Having some visibility into the operation of a running system is table stakes. You’re asking the developers donating their time to this very useful project to tie a hand behind their back because you are paranoid.
More often than not, if people like you got their way OSS software just wouldn’t be built, or would be taken over by a for profit entity that has much less benign ideas about spyware.
This is literally a story about the homebrew project listening to the community and migrating to privacy-preserving self-hosted analytics. People like you will never be happy, so they should be entirely ignored.
I don't understand how command line makes the distinction here. Maybe if it where just a simple tool that doesn't require an internet connection for its functionality. But since Homebrew is not just the command line tool, but also a repository and build system in constant motion. I understand that as a developer you might want to have insights into how certain changes (will) impact the user experience.
True, the open source world never before had a repository and build systems in constant motion. Homebrew is the innovation we needed to make things in software.
Cringe because it's listening to the kooks in tinfoil hats. The same sort of people who say the 5G is coming to get them, and Covid Vaccines make you magnetic.
3 days later, EU signs off on data transfer.

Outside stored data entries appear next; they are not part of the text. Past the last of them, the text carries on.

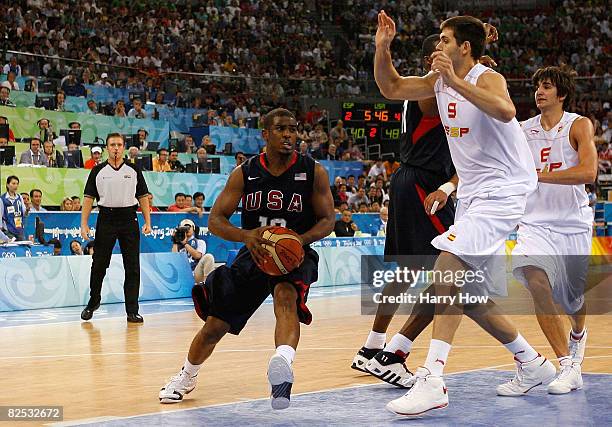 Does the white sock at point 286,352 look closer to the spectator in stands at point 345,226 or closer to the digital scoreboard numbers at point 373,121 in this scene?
the spectator in stands at point 345,226

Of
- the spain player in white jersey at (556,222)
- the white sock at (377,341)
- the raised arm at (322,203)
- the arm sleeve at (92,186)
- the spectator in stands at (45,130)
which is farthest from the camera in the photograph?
the spectator in stands at (45,130)

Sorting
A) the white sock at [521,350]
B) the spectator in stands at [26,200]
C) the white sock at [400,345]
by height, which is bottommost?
the white sock at [400,345]

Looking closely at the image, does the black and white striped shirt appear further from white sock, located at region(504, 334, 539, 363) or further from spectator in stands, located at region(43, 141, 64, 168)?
white sock, located at region(504, 334, 539, 363)

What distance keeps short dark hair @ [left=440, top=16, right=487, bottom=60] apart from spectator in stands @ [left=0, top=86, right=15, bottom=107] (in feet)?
48.2

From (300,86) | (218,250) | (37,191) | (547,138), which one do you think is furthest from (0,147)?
(547,138)

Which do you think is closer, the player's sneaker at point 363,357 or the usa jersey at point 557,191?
the usa jersey at point 557,191

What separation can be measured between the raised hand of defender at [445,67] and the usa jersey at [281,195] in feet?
4.02

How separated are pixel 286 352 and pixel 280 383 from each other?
0.69ft

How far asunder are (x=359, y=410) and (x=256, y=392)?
105 centimetres

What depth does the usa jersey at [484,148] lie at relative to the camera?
5699 millimetres

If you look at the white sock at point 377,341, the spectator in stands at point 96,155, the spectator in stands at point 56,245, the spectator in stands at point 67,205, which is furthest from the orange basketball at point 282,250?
the spectator in stands at point 96,155

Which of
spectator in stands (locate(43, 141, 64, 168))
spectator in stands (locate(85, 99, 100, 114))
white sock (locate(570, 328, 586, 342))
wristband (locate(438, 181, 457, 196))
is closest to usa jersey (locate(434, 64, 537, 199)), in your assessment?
wristband (locate(438, 181, 457, 196))

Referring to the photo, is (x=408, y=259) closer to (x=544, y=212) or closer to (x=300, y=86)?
(x=544, y=212)

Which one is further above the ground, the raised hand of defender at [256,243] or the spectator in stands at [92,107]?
the spectator in stands at [92,107] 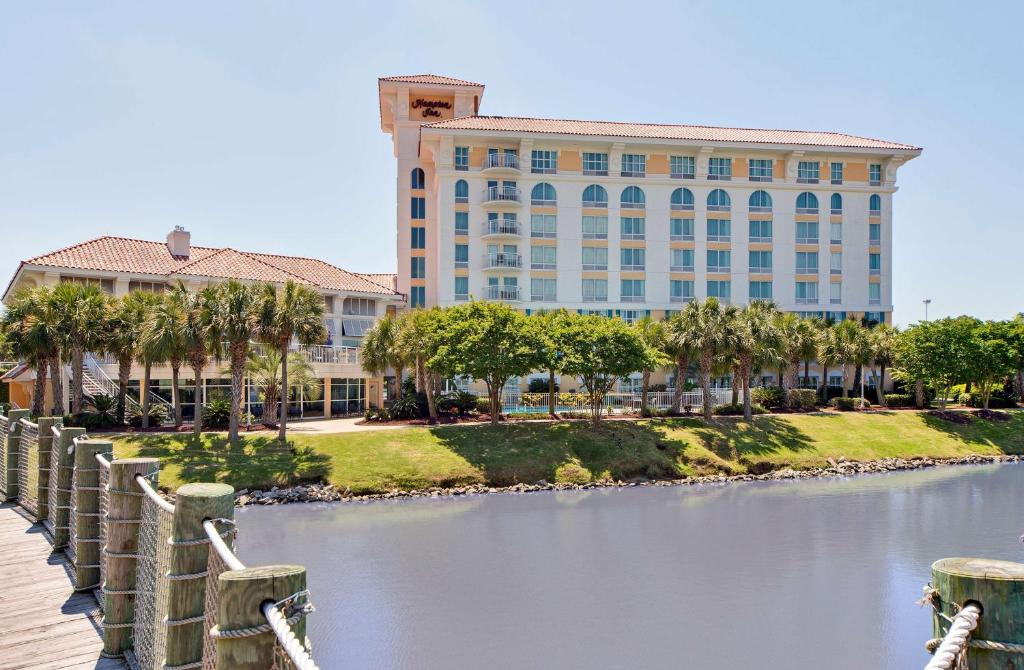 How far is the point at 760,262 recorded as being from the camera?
62.2m

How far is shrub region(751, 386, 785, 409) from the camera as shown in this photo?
162 ft

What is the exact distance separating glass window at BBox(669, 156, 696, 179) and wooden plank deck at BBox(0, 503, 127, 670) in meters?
56.7

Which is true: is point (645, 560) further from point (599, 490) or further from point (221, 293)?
point (221, 293)

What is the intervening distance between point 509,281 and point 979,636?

There's something to be said for not wasting time on changes that don't matter in the end. All these people getting worked up for nothing.

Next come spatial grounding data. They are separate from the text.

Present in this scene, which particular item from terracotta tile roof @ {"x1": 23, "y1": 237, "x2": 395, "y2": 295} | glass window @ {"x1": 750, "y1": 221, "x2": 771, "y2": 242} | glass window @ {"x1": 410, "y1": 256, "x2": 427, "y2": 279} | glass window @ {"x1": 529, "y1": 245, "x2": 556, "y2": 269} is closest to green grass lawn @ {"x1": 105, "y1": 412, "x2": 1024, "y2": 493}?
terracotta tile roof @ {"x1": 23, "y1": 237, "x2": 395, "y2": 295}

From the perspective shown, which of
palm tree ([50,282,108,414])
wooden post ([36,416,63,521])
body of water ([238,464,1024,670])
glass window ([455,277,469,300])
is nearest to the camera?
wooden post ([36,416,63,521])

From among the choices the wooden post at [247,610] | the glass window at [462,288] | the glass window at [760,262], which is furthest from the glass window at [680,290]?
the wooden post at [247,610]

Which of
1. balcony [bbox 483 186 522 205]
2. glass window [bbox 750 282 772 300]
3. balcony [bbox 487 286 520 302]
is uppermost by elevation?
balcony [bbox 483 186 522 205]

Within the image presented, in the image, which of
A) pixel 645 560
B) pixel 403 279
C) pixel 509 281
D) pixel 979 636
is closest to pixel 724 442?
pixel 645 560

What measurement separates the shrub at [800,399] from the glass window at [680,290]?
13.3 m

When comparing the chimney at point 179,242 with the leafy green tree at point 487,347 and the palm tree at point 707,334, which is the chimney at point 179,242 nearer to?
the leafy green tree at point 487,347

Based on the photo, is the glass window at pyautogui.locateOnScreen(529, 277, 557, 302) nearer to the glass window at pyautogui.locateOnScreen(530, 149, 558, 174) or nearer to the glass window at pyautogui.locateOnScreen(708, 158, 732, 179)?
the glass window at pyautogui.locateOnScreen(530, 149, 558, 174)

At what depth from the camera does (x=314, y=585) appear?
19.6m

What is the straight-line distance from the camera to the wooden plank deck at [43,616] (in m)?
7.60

Cringe because... "Why bother?" and more so, "Why talk about it?"
If Google isn't in compliance, Google will get there... or appeal the ruling, or find some other way so that every user of GA doesn't have to migrate off it.
So I find it cringe because I see it as the tech equivalent of those people who rave about 5G making their COVID vaccines magnetic. It's just GA... use it, don't use it. But jumping to comply with a poorly written law, and saying like, "See this law that is poorly written deserves our respect!" Meh. It'll all get overturned. It's a poorly written law.
Plus there are plenty of places to go to "get your GA into compliance" without uninstalling GA.
I wear a tinfoil hat as much as the next guy, and I have studied up on GDPR rules at work, and all I can say is they are designed to basically give any country the ability to say, "We don't like you, Americans. You are bad and we don't like you."
Like it or not, we're all connected. You can look at websites in France, or Germany, or America.
Having different rules for the data makes sense at the company-level, or server-level. "Here are the rules for Norwegian companies..."
But it just doesn't make a lot of sense for French laws to apply to US-servers. Where does that end? If Alabama passes a law saying "You have to have just English on your website..." but Canada says, "You have to have your website in French and English..." who wins? What do the developers use as the source of truth for their requirements?
And if we have to have one version of the website for each and every state and country... isn't that problematic... I mean you get that's problematic, right?
I think these courts ruling against Google are small courts, I think it'll get overturned. I think it likely has more to do with finding different ways to punish Google / Apple / other tech companies for not paying more taxes inside of those countries.
EU nations set up a lot of taxes, then get upset when global companies don't choose to build offices there. All of the regulation around data just feels like another "what can we do to be petty in response for them not paying us more taxes?"
Exactly like the USB-C adapter thing.
Anyway, just my 2 cents.
Google is skeezy, I get it... but fragmenting the web into a different set of rules for viewers in every nation... that's not the answer. It really can't be the answer.
> all I can say is they are designed to basically give any country the ability to say, "We don't like you, Americans. You are bad and we don't like you."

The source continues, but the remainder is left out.